» Action item:
Give the data again exactly, without its images.

» Collected data:
-*-*-

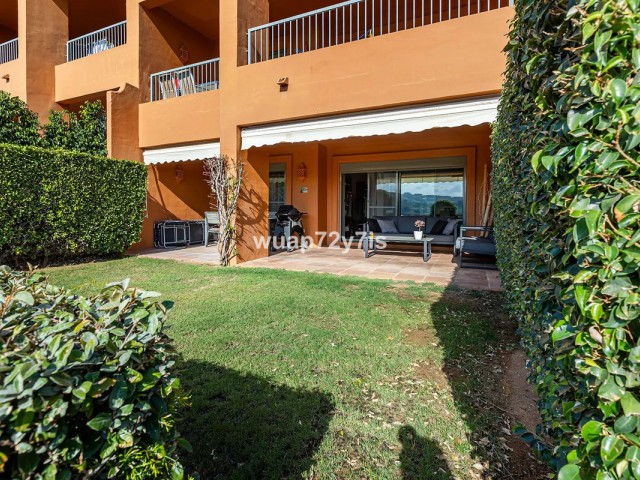 2 Bedrooms Apartment in Estepona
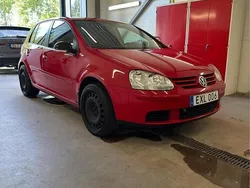 Röd Begagnad 2008 VW Golf VI Trendline Halvkombi | 40 000 kr (Marknadspris)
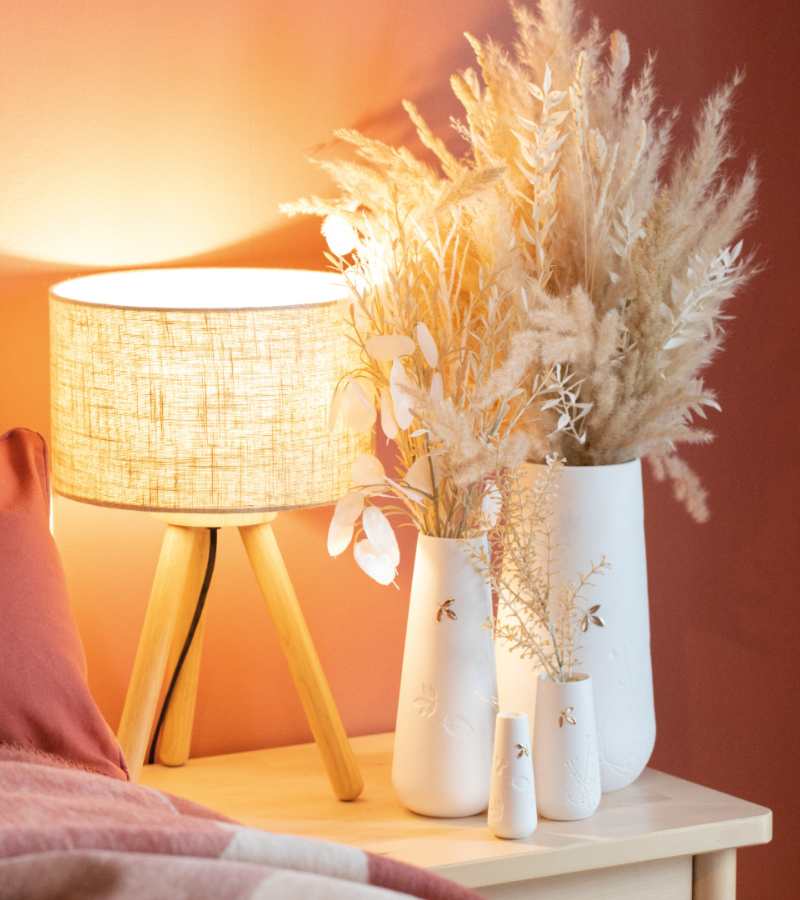 OnlyByGrace Fine hvide Vaser med guldblade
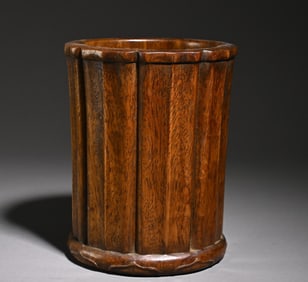 An Exquisite Huali wood pen holder study room ornament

-*-*-

» Exercise output:
 2 Bedrooms Apartment in Estepona
 Röd Begagnad 2008 VW Golf VI Trendline Halvkombi | 40 000 kr (Marknadspris)
 OnlyByGrace Fine hvide Vaser med guldblade
 An Exquisite Huali wood pen holder study room ornament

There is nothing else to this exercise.